I have a dataset table like this in Google Big Query:

| col1 | col2 | col3 | col4 | col5 | col6 |
-------------------------------------------
|  a1  |  b1  |  c1  |  d1  |  e2  |  f1  |
|  a2  |  b2  |  c2  |  d1  |  e2  |  f2  |
|  a1  |  b3  |  c3  |  d1  |  e3  |  f2  |
|  a2  |  b1  |  c4  |  d1  |  e4  |  f2  |
|  a1  |  b2  |  c5  |  d1  |  e5  |  f2  |

Let's say the given threshold number is 4, in that case, I want to transform this into one of the tables given below:

|     col1     |    col2    |    col4    |    col5     |    col6    |
---------------------------------------------------------------------
|    [a1,a2]   |  [b1,b2,b] |    [d1]    |[e2,e3,e4,e5]|   [f1,f2]  |

Or like this:

| col  | values        |
------------------------
| col1 | [a1,a2]       |
| col2 | [b1,b2,b]     |
| col4 | [d1]          |
| col5 | [e2,e3,e4,e5] |
| col6 | [f1,f2]       |

Please note col3 was removed because it contained more than 4 (threshold) distinct values. I explored lot of documents here but was not able to figure out the required query. Can somebody help or point in the right direction ?

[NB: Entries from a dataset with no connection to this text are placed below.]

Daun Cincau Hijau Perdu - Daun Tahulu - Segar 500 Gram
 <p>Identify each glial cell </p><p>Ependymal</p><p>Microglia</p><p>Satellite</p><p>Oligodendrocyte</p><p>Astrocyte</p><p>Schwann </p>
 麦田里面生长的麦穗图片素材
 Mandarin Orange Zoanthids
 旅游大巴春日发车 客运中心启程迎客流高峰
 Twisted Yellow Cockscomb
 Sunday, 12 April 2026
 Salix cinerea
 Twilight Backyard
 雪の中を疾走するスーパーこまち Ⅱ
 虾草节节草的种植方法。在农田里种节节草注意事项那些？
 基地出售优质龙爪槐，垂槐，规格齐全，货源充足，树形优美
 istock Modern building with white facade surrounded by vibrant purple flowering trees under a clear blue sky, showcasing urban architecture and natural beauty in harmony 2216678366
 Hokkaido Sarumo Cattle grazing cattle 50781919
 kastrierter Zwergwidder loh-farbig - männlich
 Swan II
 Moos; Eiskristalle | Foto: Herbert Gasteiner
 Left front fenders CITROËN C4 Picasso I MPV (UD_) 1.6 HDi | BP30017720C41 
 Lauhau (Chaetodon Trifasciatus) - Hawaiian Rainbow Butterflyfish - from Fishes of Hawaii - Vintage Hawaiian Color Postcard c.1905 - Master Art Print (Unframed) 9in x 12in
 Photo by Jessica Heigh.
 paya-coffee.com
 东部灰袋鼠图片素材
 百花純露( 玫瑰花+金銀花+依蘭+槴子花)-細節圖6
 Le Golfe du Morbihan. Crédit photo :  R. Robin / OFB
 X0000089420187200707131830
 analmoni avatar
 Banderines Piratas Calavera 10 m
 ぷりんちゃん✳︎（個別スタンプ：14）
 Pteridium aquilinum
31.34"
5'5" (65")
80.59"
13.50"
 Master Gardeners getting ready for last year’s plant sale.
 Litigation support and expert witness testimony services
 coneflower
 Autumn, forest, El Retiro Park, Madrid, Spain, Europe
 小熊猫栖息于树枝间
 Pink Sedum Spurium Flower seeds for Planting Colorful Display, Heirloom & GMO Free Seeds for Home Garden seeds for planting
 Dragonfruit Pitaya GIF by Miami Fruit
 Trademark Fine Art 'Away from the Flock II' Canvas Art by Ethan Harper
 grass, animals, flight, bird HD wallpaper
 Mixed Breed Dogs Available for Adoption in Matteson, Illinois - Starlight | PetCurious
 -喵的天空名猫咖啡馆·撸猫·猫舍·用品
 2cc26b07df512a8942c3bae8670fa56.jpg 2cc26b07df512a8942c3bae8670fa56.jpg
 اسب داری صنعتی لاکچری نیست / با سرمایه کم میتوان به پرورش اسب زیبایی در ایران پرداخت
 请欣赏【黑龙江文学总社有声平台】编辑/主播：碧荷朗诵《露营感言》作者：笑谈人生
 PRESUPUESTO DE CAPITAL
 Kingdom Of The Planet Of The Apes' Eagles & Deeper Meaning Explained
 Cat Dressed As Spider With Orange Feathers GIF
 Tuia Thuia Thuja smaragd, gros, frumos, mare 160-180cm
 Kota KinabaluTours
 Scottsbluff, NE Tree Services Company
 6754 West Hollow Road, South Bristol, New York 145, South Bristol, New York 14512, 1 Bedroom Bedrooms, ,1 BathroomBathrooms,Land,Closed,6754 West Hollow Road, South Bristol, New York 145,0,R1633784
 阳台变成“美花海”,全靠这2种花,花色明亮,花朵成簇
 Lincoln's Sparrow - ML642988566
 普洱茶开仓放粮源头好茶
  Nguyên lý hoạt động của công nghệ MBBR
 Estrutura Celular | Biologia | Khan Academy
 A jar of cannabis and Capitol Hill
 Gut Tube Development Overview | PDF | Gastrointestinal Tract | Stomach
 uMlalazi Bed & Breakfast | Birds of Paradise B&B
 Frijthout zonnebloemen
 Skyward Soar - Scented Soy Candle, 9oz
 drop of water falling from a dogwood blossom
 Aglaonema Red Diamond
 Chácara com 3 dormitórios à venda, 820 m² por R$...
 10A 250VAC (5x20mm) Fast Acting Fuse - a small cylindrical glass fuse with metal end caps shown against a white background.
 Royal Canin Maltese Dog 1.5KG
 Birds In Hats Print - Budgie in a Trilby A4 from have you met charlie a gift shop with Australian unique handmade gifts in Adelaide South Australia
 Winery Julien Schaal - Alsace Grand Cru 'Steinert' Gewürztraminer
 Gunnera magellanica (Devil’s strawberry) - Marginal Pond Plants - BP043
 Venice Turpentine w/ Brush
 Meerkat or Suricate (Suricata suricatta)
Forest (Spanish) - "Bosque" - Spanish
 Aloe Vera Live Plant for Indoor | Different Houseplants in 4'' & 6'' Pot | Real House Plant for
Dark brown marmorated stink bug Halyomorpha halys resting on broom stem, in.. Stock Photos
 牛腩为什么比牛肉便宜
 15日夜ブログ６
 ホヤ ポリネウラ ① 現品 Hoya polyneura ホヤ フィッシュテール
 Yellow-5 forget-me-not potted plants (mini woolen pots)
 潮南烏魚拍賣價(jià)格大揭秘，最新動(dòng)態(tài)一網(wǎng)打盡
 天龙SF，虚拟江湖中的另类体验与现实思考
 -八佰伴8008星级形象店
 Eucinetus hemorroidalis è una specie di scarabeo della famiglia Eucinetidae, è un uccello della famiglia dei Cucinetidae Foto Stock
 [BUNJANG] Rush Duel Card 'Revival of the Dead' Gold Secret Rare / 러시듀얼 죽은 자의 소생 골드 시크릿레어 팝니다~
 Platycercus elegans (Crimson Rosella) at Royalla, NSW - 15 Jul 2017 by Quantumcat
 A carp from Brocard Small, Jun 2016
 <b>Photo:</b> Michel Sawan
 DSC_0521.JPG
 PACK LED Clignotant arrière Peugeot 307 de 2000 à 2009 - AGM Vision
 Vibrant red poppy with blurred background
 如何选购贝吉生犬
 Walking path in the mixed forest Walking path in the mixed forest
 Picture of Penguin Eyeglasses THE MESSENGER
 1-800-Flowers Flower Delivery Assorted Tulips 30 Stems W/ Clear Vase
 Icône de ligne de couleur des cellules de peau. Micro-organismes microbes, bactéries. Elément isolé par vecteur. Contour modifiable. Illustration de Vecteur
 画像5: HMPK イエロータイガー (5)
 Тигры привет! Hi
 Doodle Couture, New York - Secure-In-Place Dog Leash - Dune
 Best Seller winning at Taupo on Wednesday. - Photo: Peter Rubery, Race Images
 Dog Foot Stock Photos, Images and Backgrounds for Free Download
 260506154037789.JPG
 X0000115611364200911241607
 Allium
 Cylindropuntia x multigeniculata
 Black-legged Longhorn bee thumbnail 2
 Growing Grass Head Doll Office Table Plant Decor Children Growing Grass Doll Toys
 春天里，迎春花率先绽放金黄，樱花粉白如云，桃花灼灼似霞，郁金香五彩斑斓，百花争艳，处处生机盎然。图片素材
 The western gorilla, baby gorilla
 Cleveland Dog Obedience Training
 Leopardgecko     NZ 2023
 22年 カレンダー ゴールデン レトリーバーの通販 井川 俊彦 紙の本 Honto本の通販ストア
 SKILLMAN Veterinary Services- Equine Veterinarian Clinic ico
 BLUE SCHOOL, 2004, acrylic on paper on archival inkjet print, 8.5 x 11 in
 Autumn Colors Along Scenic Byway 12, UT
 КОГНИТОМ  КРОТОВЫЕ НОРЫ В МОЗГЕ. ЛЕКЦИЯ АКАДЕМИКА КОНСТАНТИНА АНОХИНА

Edit: I have one solution in mind, where I do something like this:

select * from (select 'col1', array_aggregate(distinct col1) as values union all
select 'col2', array_aggregate(distinct col2) as values union all
select 'col3', array_aggregate(distinct col3) as values union all
select 'col4', array_aggregate(distinct col4) as values union all
select 'col5', array_aggregate(distinct col5) as values) X where array_length(values) > 4;

This will give me the second result but requires complex query construction assuming I don't know the number and names of the columns up front. Also, this might cross 100MB per row limit for BigQuery table as I will be having more than a billion rows in the table. Please also suggest if there is a better way to do this.


Solution

  • How about:

    WITH arrays AS (
      SELECT * FROM UNNEST((
        SELECT [
          STRUCT("col_repo_name" AS col, ARRAY_AGG(DISTINCT repo.name IGNORE NULLS LIMIT 1001) AS values)
          , ('col_actor_login', ARRAY_AGG(DISTINCT actor.login IGNORE NULLS LIMIT 1001))
          , ('col_type', ARRAY_AGG(DISTINCT type IGNORE NULLS LIMIT 1001))
          , ('col_org_login', ARRAY_AGG(DISTINCT org.login IGNORE NULLS LIMIT 1001))
          ]
        FROM `githubarchive.year.2017` 
      ))
    )
    
    SELECT *
    FROM arrays
    WHERE ARRAY_LENGTH(values)<=1000
    

    This query processed 20.6GB in 11.9s (half billion rows). It only returned one row, because every other row had more than 1000 unique values (my threshold).

    enter image description here

    That's traditional SQL -- but see here an even simpler query, that produces similar results:

    SELECT col, ARRAY_AGG(DISTINCT value IGNORE NULLS LIMIT 1001) values
    FROM (
      SELECT REGEXP_EXTRACT(x, r'"([^\"]*)"') col , REGEXP_EXTRACT(x, r'":"([^\"]*)"') value
      FROM (
        SELECT SPLIT(TO_JSON_STRING(STRUCT(repo.name, actor.login, type, org.login)), ',') x
        FROM `githubarchive.year.2017`
      ), UNNEST(x) x
    )
    GROUP BY col
    HAVING ARRAY_LENGTH(values)<=1000
    
    # 17.0 sec elapsed, 20.6 GB processed
    

    Caveat: This will only run if there are no special values in the columns, like quotes or commas. If you have those, it won't be as straightforward (but still possible).